By the end of this notebook, you will be able to:
1. Identify and characterize seasonal patterns in time series
2. Apply seasonal differencing to remove stochastic seasonality
3. Understand the SARIMA$(p,d,q) \times (P,D,Q)_s$ notation
4. Fit SARIMA models using Python
5. Interpret seasonal ACF/PACF patterns
6. Generate seasonal forecasts with confidence intervals

## Setup and Imports

In [None]:
# Core libraries
import numpy as np
import pandas as pd
import matplotlib.pyplot as plt
import warnings
warnings.filterwarnings('ignore')

# Time series specific
from statsmodels.tsa.statespace.sarimax import SARIMAX
from statsmodels.tsa.seasonal import seasonal_decompose
from statsmodels.tsa.stattools import adfuller, kpss, acf, pacf
from statsmodels.graphics.tsaplots import plot_acf, plot_pacf
from statsmodels.stats.diagnostic import acorr_ljungbox
from scipy import stats

# Plotting style - clean, professional
plt.rcParams['figure.figsize'] = (12, 5)
plt.rcParams['font.size'] = 11
plt.rcParams['axes.facecolor'] = 'none'
plt.rcParams['figure.facecolor'] = 'none'
plt.rcParams['savefig.facecolor'] = 'none'
plt.rcParams['axes.grid'] = False
plt.rcParams['axes.spines.top'] = False
plt.rcParams['axes.spines.right'] = False

# Colors (IDA color scheme)
COLORS = {
    'blue': '#1A3A6E',
    'red': '#DC3545',
    'green': '#2E7D32',
    'orange': '#E67E22',
    'gray': '#666666'
}

print("All libraries loaded successfully!")

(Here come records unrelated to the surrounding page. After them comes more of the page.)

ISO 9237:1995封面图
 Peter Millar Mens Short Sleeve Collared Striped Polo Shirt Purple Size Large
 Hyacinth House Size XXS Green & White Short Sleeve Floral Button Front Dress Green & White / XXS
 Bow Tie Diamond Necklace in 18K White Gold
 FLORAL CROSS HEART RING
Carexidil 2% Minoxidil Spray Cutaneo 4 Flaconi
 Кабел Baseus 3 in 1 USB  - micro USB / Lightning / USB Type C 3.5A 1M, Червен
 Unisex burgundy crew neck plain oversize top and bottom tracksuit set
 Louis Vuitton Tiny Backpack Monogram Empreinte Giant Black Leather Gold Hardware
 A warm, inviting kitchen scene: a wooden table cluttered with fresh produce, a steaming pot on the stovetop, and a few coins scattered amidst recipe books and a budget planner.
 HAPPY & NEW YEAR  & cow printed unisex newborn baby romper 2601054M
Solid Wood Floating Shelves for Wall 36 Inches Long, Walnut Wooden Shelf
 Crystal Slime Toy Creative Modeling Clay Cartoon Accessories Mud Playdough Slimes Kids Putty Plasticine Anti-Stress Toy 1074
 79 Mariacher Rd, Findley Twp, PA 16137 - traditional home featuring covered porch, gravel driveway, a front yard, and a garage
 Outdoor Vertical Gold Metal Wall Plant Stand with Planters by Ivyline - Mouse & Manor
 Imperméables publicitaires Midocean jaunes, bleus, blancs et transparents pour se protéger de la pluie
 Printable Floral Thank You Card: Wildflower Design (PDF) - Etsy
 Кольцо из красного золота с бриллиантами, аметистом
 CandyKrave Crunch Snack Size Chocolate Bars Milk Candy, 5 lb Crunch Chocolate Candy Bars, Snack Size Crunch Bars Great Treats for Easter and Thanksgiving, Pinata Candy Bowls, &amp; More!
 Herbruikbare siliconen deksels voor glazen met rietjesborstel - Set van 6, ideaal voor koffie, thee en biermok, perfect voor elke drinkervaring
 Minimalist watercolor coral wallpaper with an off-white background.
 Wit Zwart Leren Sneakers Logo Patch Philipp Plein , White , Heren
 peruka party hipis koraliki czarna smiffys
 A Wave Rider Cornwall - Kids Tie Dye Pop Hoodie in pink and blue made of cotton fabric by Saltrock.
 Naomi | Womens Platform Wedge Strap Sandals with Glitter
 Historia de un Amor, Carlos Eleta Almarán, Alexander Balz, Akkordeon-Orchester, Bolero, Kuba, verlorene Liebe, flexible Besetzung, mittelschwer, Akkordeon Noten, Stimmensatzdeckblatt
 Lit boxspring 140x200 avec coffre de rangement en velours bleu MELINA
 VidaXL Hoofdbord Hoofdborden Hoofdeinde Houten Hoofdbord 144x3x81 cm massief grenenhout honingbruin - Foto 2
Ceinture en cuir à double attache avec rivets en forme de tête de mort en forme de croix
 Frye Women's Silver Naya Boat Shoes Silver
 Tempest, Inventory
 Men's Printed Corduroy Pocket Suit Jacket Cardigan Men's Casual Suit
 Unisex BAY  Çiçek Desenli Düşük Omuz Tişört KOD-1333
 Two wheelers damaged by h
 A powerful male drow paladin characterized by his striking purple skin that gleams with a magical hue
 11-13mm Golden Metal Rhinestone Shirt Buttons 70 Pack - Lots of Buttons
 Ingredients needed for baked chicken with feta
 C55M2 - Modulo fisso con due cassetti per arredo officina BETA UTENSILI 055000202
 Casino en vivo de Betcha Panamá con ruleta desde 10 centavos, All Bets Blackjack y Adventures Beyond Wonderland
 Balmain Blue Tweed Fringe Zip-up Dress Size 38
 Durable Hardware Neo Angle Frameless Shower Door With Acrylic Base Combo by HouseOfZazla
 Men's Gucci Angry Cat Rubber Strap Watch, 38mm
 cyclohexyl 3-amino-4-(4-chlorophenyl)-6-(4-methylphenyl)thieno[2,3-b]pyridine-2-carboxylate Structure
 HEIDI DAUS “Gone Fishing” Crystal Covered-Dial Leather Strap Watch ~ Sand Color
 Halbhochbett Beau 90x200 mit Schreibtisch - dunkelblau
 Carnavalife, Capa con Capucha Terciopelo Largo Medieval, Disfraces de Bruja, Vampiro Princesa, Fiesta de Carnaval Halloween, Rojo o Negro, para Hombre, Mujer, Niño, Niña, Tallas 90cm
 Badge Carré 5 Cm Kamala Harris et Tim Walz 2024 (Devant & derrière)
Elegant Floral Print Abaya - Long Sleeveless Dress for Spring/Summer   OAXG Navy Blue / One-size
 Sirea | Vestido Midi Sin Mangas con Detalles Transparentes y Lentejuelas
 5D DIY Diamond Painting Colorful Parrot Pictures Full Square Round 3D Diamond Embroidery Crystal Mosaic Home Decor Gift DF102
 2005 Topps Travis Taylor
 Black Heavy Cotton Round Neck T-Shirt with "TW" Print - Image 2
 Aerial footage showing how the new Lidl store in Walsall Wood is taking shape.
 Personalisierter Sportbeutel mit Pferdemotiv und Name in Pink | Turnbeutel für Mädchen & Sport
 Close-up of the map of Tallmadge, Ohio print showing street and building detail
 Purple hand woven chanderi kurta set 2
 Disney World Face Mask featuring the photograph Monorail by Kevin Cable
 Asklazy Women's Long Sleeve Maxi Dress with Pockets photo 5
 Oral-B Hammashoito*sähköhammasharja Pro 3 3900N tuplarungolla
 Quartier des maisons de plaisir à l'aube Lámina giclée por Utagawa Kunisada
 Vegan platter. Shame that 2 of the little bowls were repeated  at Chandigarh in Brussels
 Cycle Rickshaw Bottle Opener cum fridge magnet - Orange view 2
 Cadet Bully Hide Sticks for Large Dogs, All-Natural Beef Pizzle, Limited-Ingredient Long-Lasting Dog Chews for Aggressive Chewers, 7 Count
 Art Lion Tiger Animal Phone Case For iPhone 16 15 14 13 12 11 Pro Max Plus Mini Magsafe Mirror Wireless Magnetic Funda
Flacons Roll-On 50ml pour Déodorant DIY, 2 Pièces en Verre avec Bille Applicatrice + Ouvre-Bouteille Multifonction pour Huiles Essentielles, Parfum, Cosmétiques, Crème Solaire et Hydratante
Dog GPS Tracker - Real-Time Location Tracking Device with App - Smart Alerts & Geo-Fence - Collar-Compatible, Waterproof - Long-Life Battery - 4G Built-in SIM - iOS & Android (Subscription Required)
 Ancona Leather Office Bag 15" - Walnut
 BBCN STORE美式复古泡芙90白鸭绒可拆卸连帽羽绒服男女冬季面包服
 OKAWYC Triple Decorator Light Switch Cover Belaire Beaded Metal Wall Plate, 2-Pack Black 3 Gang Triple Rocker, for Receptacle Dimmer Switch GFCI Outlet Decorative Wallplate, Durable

## 1. Introduction to Seasonality

**Seasonality** is a repeating pattern that occurs at regular intervals:
- Monthly retail sales peak in December
- Quarterly GDP shows annual patterns
- Daily electricity demand varies by day of week

### Types of Seasonality
- **Deterministic**: Fixed, repeating pattern (use seasonal dummies)
- **Stochastic**: Evolving seasonal pattern (use SARIMA)

In [None]:
# Load the classic airline passengers dataset
from statsmodels.datasets import co2

# Use airline passengers data
try:
    # Try loading from statsmodels
    url = 'https://raw.githubusercontent.com/jbrownlee/Datasets/master/airline-passengers.csv'
    airline = pd.read_csv(url, index_col=0, parse_dates=True)
    airline.columns = ['Passengers']
    airline.index = pd.date_range('1949-01', periods=len(airline), freq='ME')
except:
    # Generate synthetic airline-like data
    np.random.seed(42)
    n = 144  # 12 years monthly
    t = np.arange(n)
    trend = 100 + 2.5 * t
    seasonal = 40 * np.sin(2 * np.pi * t / 12)
    noise = np.random.randn(n) * 10
    # Multiplicative: amplitude grows with level
    passengers = trend * (1 + 0.3 * np.sin(2 * np.pi * t / 12)) + noise
    airline = pd.DataFrame(
        {'Passengers': passengers},
        index=pd.date_range('1949-01', periods=n, freq='ME')
    )

print(f"Airline Passengers Data: {len(airline)} monthly observations")
print(f"Period: {airline.index[0].date()} to {airline.index[-1].date()}")
print(airline.head())

In [None]:
# Plot the airline passengers data
fig, axes = plt.subplots(1, 2, figsize=(14, 5))

# Original data
axes[0].plot(airline.index, airline['Passengers'], color=COLORS['blue'], linewidth=1, label='Monthly Passengers')
axes[0].set_title('Airline Passengers (1949-1960)', fontweight='bold')
axes[0].set_xlabel('Date')
axes[0].set_ylabel('Passengers (thousands)')
axes[0].legend(loc='upper center', bbox_to_anchor=(0.5, -0.12), frameon=False)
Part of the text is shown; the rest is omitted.